Unread post by moonbat » 2024-04-26, 01:34

Eduardolucas1 wrote:
2024-04-25, 10:30
The reason windows, linux and interfaces have gone to the lowest common denominator regarding to UI design, architecture-level decisions, OS design, userland decisions and code is due to
I would say neither of these, and everyone is reading too deeply into it. Look at this timeline of events:
  • 2007 - iPhone arrives and touchscreen smartphones go mainstream.
  • 2008 - Google launches the first Android phone, made by HTC - so now smartphones go even more mainstream.
  • Mobile internet usage takes off.
  • 2011-12 - Mozilla introduces Firefox 4 and Microsoft introduces Windows 8 with its Metro UI. Both have a heavily redesigned UI and start the trend of pruning features for the sake of simplicity and catering to the mobile crowd
  • 2013 - Mobile internet traffic overtakes desktop internet traffic and then starts to grow even faster. This only exacerbates the trend of mobile first design that we see now.
Since mobile phones are heavily constrained in terms of screen space and resources, their UI necessarily has to be more simplified than a desktop,and the same goes for mobile websites. The vast majority of people now use mobiles exclusively at the expense of laptops or desktops to access the internet for personal use, so it isn't worth the extra effort for companies to maintain separate codebases for desktop and mobile apps/websites. (Even though it is possible with modern 'responsive' development to render the same website optimally on both desktop and mobile screens :coffee:).
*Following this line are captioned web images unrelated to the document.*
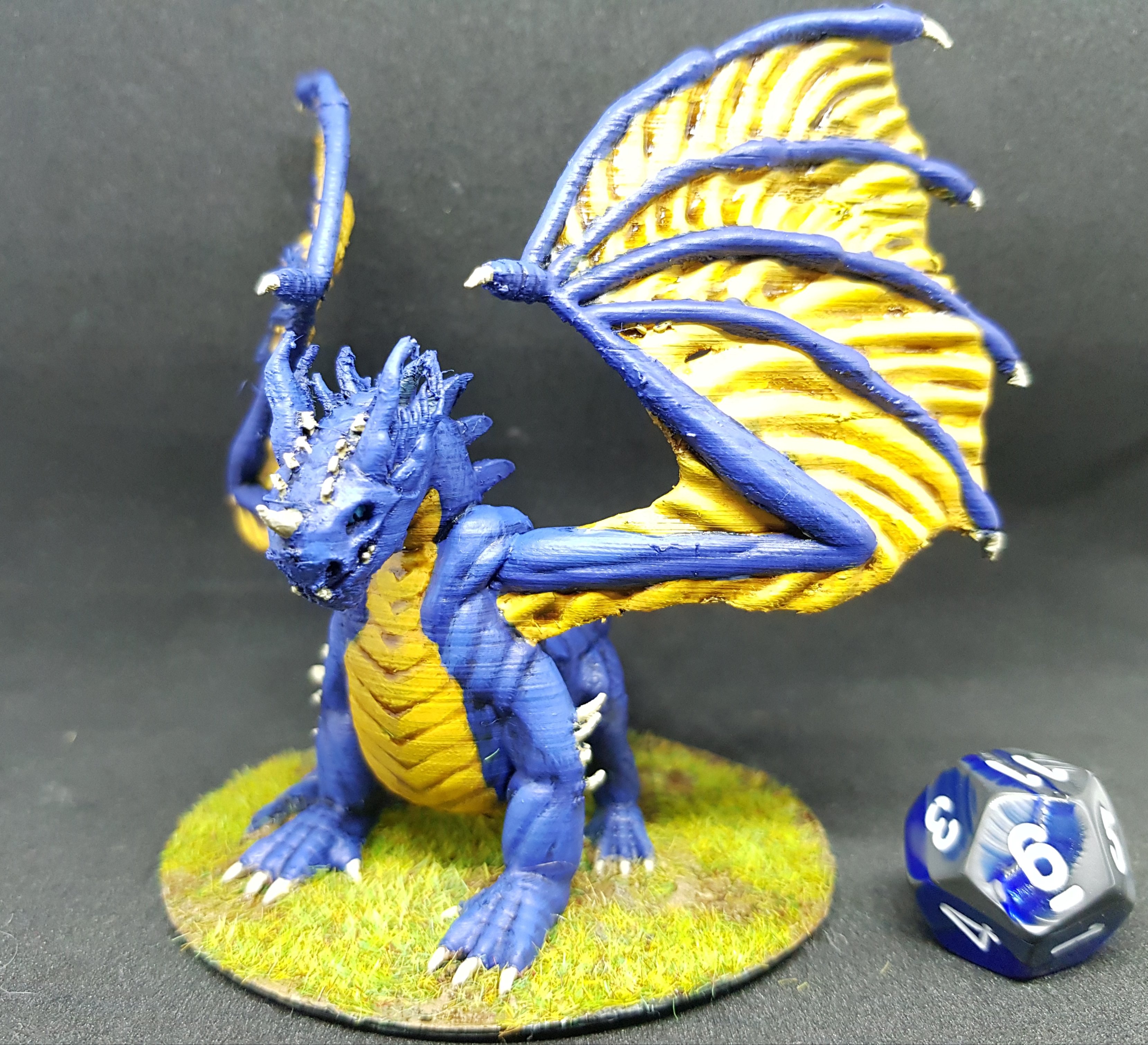 Image of Blue Dragon for 28mm Tabletop Roleplay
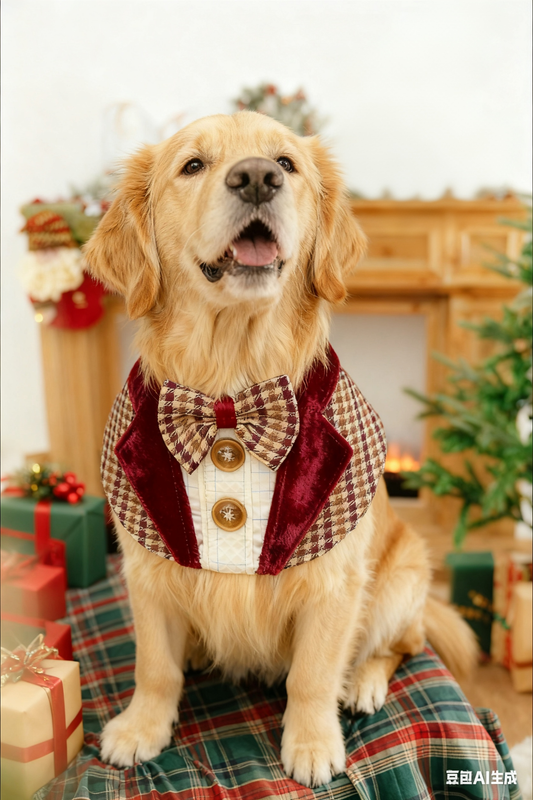 Vintage British Suit Scarf (Red)復古英倫西裝圍巾（紅色）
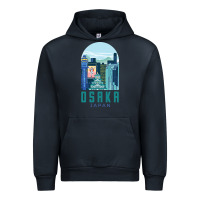 Navy Osaka Japan Urban Hoodie - artisFamous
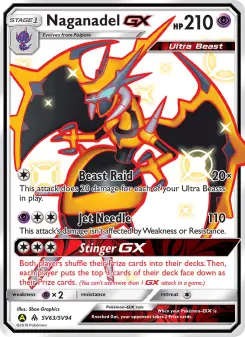 Naganadel-GX – Carta Pokémon TCG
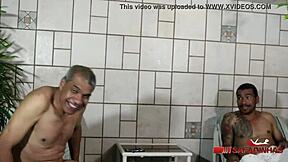 tiozinho and nephew bang hot brunette sara rosa with rubens badaro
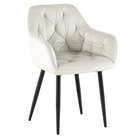 Scaun de design FOGGIA 2, țesătură Velvet bej, țesătură Velvet/metal, 55x61x82 cm Kondela
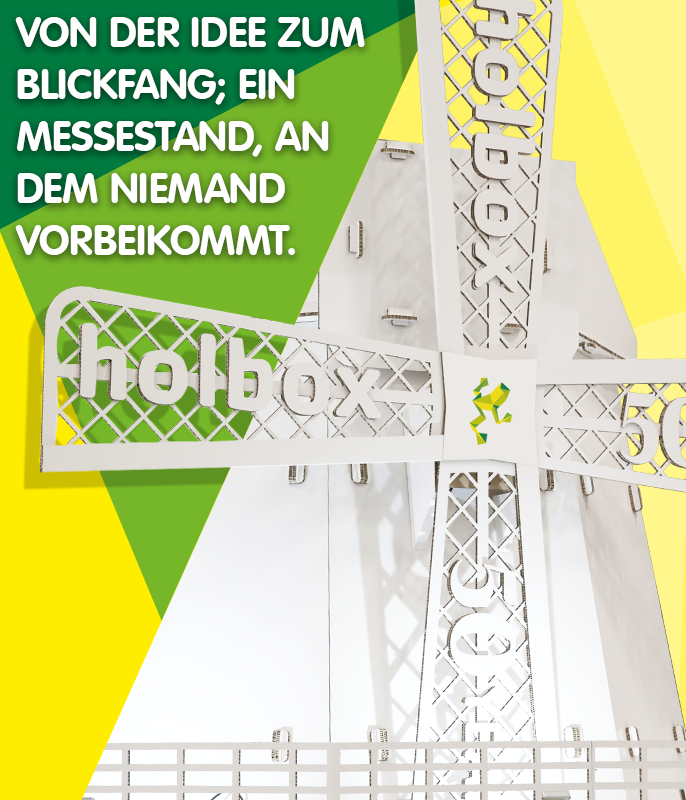 Bestellen Sie Ihren Messestand bei Holbox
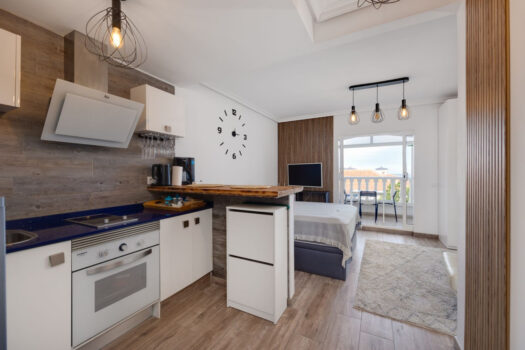 Apartmán s 1 ložnicí a výhledem na moře, 600 m od pláže – La Mata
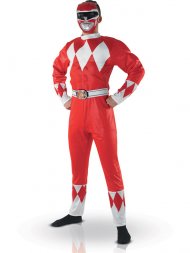 Dguisement Power Ranger Rouge Muscles 3D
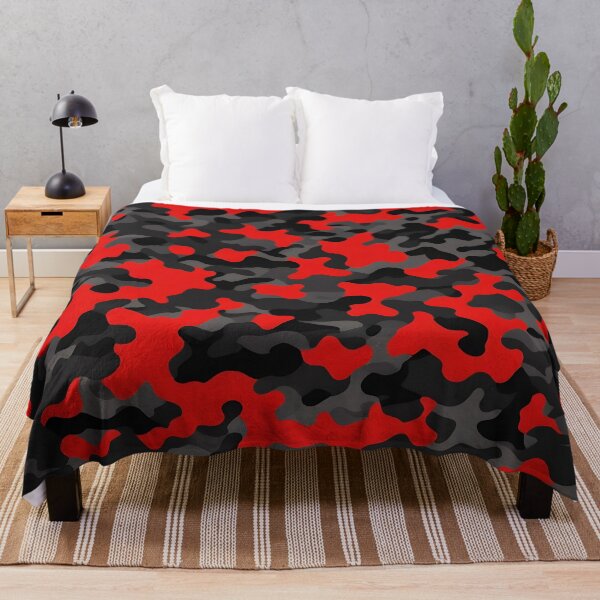 Item preview, Red and Black Camouflage Pattern designed and sold by TheCamoShop.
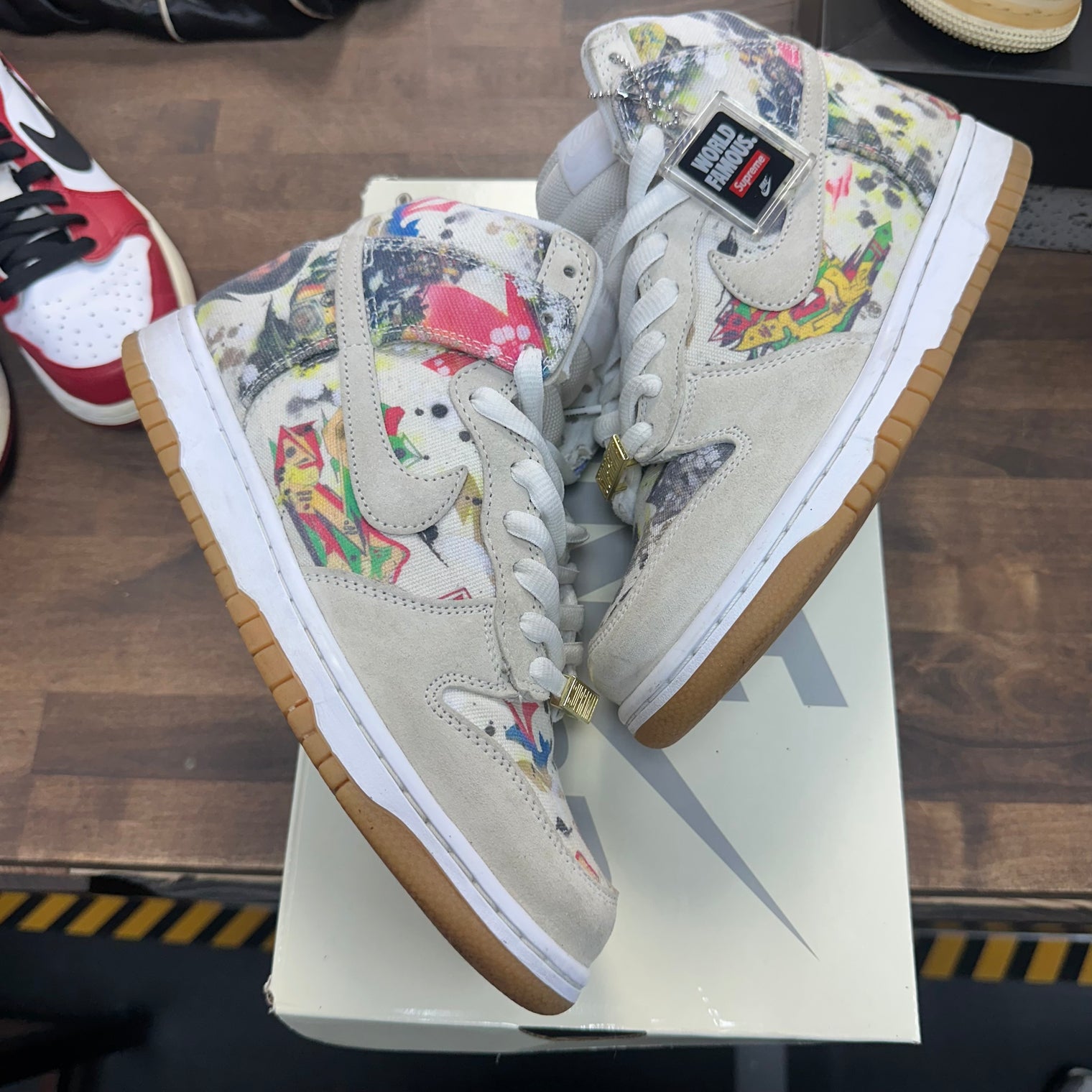 Supreme Rammellzee SB Dunk High (USED)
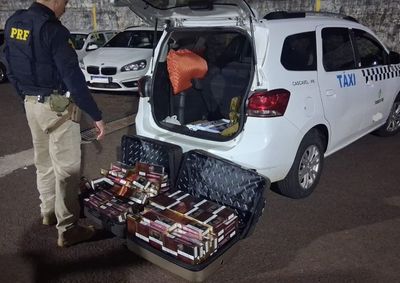 Passageiro havia contratado transporte em C&eacute;u Azul, com destino a Cascavel, para realizar a entrega das bagagens com o material il&iacute;cito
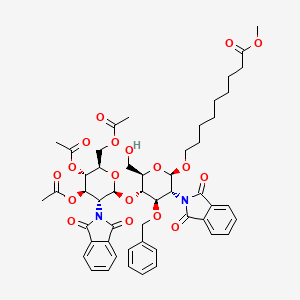 8-Methoxycarbonyloctyl 4-O-(3,4,6-tri-O-acetyl-2-deoxy-2-phthalimido-b-D-glucopyranosyl)-2-deoxy-3-O-benzyl-2-phthalimido-b-D-glucopyranoside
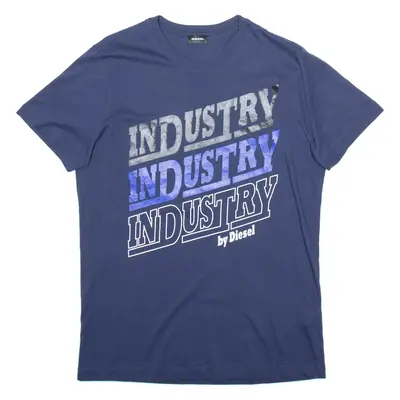 DIESEL Mens T-Shirt Blue M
And since enough time has passed, younger generations have also grown up with more exposure to smartphones and apps than the traditional web.

The whole attitude is why bother when you can simply scale up a mobile UI to a desktop, or stick a website in an Electron framework and call it a day. tl;dr - it's down to business efficiency, nothing to do with broader society or education. After all the same general public had been using desktop PCs for the first decade of the century.